# Using AWS Comprehend
AWS Comprehend is Amazon's text analysis service. In this file, you'll learn how to call Comprehend from within SageMaker Studio. We will also look at how we can integrate Comprehend for data that we already have saved in S3.

In [None]:
#import needed libraries
import pandas as pd
import boto3

### Get the Comprehend client

In [None]:
comprehend = boto3.client('comprehend', region_name='us-east-1')
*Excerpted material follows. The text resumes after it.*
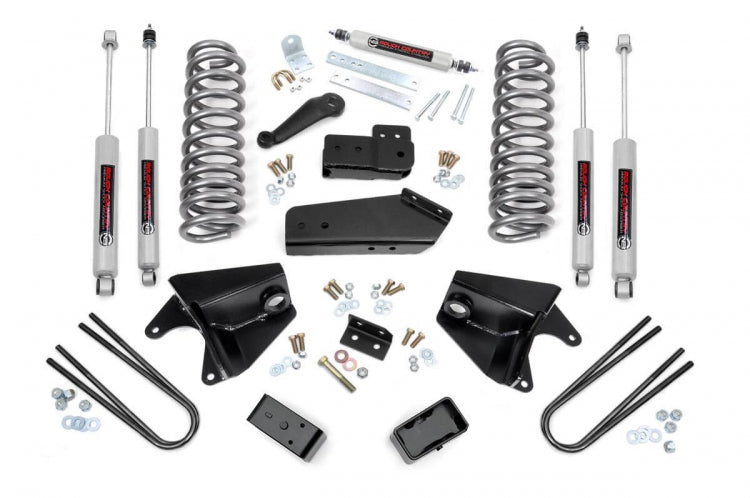 Rough Country 472.2 6 Inch Suspension Lift Kit 80-96 2WD Ford F-150 Rough Country - Truck Part Superstore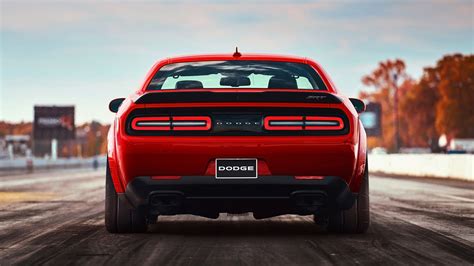 2018 Dodge Challenger SRT Demon 7 Wallpaper | HD Car Wallpapers | ID #7892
### Call the Comprehend methods

In [None]:
sample_tweet="Be of good cheer. Take life one step at a time and do the best you can each day. Life passes so swiftly. --President Nelson"   

# Key phrases
phrases = comprehend.detect_key_phrases(Text=sample_tweet, LanguageCode='en')

# Entities
entities = comprehend.detect_entities(Text=sample_tweet, LanguageCode='en')

#Sentiments
sentiments = comprehend.detect_sentiment(Text=sample_tweet, LanguageCode='en')


#Print the phrases:
print('------- phrases ---------')
for i in range(0, len(phrases['KeyPhrases'])):
    print((phrases['KeyPhrases'][i]['Text']))
    

# Print the entities with entitity type:
print('------- entity : entity type ---------')
for i in range(0, len(entities['Entities'])):
    print(entities['Entities'][i]['Text'] + ' : ' + entities['Entities'][i]['Type'] )
    
# Print the sentiment:
print('------- sentiment ---------')
print(sentiments['Sentiment'])

### Import CSV from web + Comprehend

In [None]:
import pandas as pd
import boto3 

comprehend = boto3.client('comprehend', region_name='us-east-1')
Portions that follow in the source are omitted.